» **Exercise brief**: Output each record below exactly. No images go in the copy.

» **Records to process**:

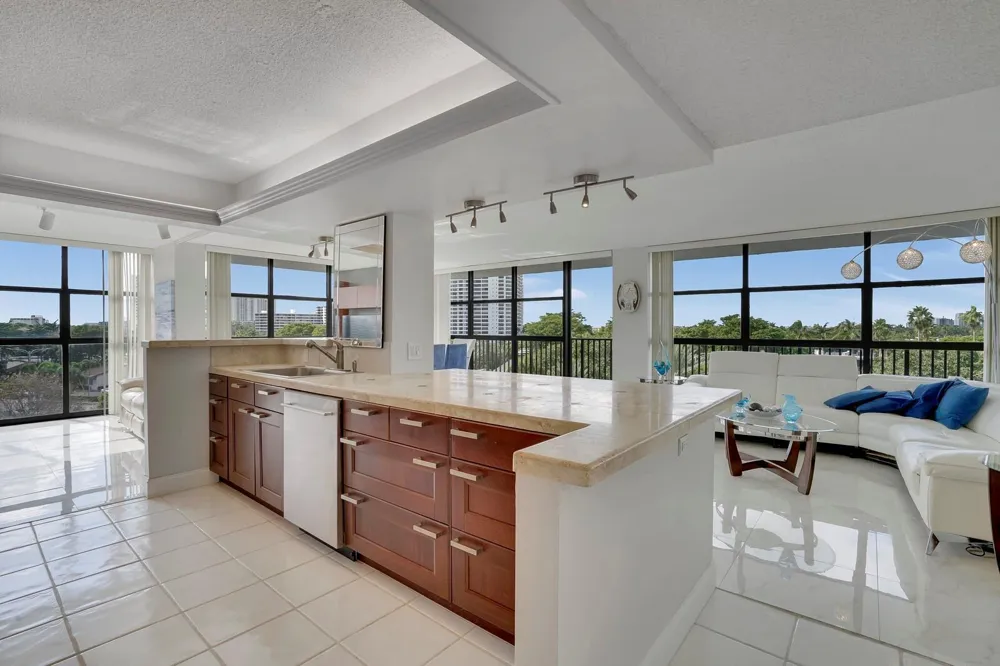 600 Parkview Drive #531 Hallandale Beach, FL 33009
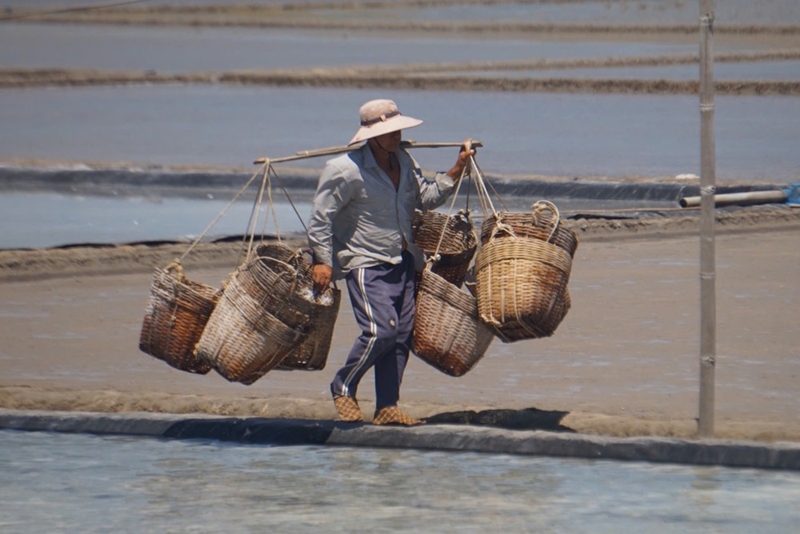 Người dân Thiềng Liềng làm du lịch và hành trình tìm vị ngọt trên ruộng muối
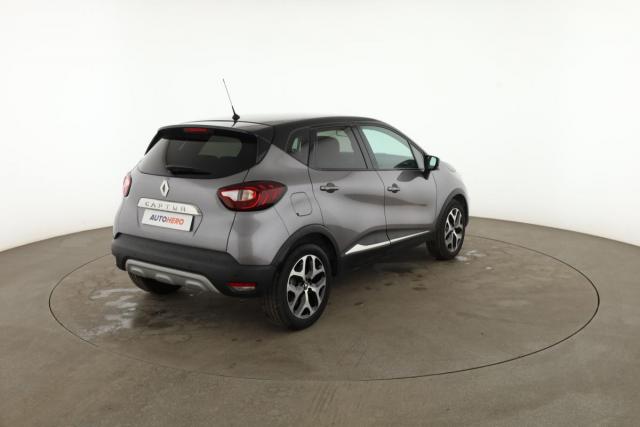 Renault Captur image 9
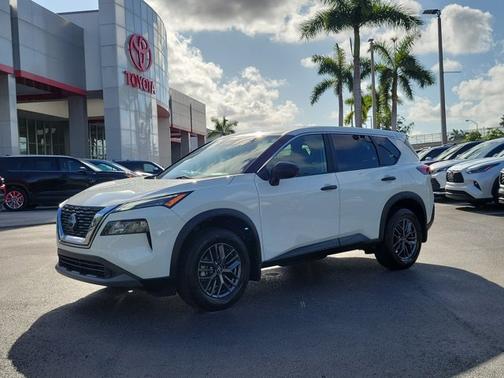 2023 Nissan Rogue S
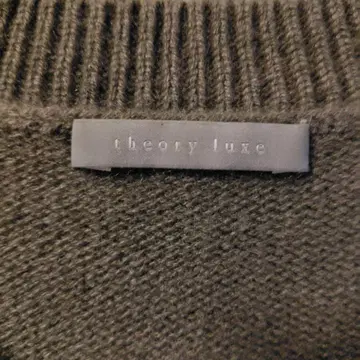 띠어리 럭스 V넥 니트 스웨터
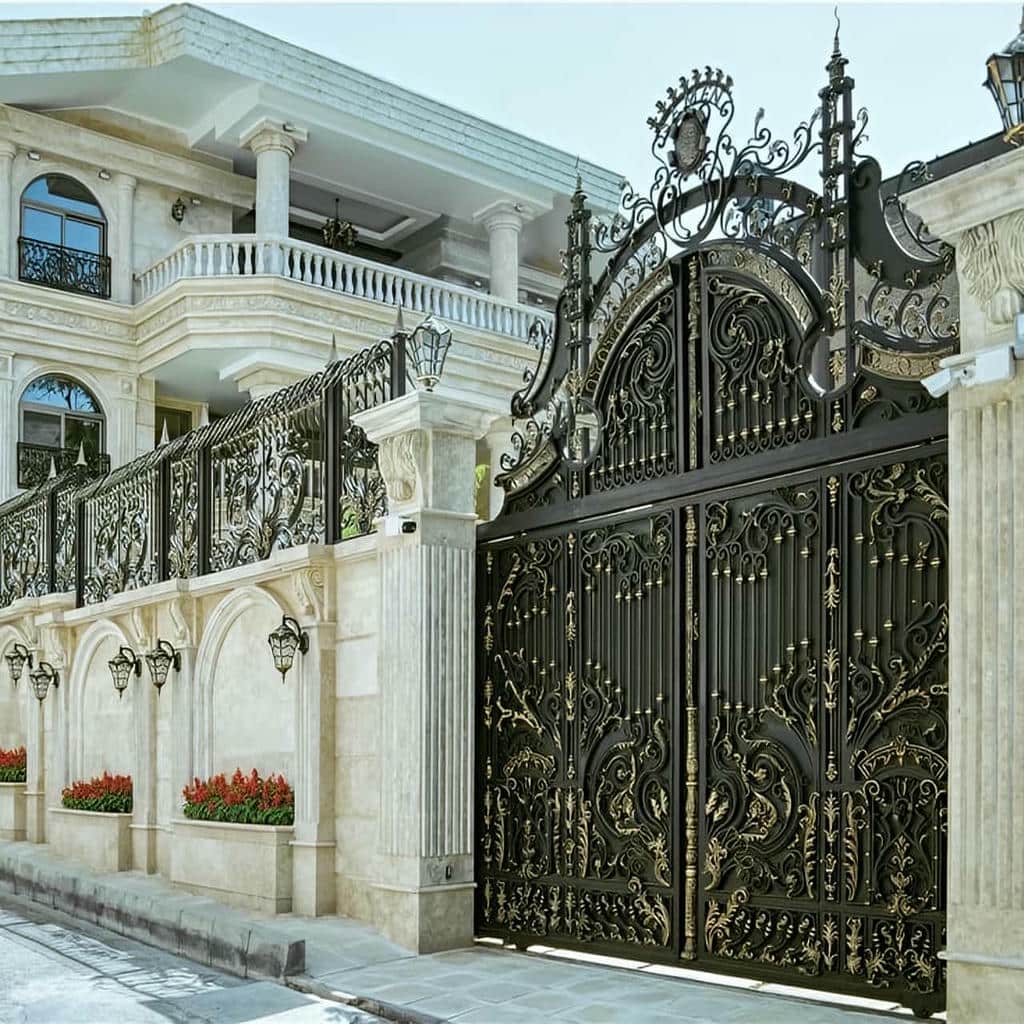 درب حیاط در ارومیه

» **Solution to this exercise**:
 600 Parkview Drive #531 Hallandale Beach, FL 33009
 Người dân Thiềng Liềng làm du lịch và hành trình tìm vị ngọt trên ruộng muối
 Renault Captur image 9
 2023 Nissan Rogue S
 띠어리 럭스 V넥 니트 스웨터
 درب حیاط در ارومیه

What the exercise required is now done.